Task: When the line with "540 Branch Dr, Pendergrass, GA" is reached, include it and stop; before that, copy each line of the listing exactly from the first.

===== Entries shown =====

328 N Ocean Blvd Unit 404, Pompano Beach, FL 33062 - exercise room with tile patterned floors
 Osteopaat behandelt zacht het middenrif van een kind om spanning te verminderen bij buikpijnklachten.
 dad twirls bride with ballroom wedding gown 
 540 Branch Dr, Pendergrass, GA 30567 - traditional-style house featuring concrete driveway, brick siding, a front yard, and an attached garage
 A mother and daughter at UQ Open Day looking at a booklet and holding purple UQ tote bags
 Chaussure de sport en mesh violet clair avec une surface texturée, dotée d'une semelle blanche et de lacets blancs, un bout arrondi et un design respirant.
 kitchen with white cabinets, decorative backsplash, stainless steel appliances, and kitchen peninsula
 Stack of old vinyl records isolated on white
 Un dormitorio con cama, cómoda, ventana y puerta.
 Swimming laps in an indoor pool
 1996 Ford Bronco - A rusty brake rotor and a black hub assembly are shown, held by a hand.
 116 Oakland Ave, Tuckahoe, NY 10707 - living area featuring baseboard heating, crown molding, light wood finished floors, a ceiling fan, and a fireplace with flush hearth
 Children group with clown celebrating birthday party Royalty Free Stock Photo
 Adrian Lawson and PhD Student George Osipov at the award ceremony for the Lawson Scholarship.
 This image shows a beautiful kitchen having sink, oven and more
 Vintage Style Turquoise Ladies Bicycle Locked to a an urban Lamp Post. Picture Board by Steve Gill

=====

Your response:
328 N Ocean Blvd Unit 404, Pompano Beach, FL 33062 - exercise room with tile patterned floors
 Osteopaat behandelt zacht het middenrif van een kind om spanning te verminderen bij buikpijnklachten.
 dad twirls bride with ballroom wedding gown 
 540 Branch Dr, Pendergrass, GA 30567 - traditional-style house featuring concrete driveway, brick siding, a front yard, and an attached garage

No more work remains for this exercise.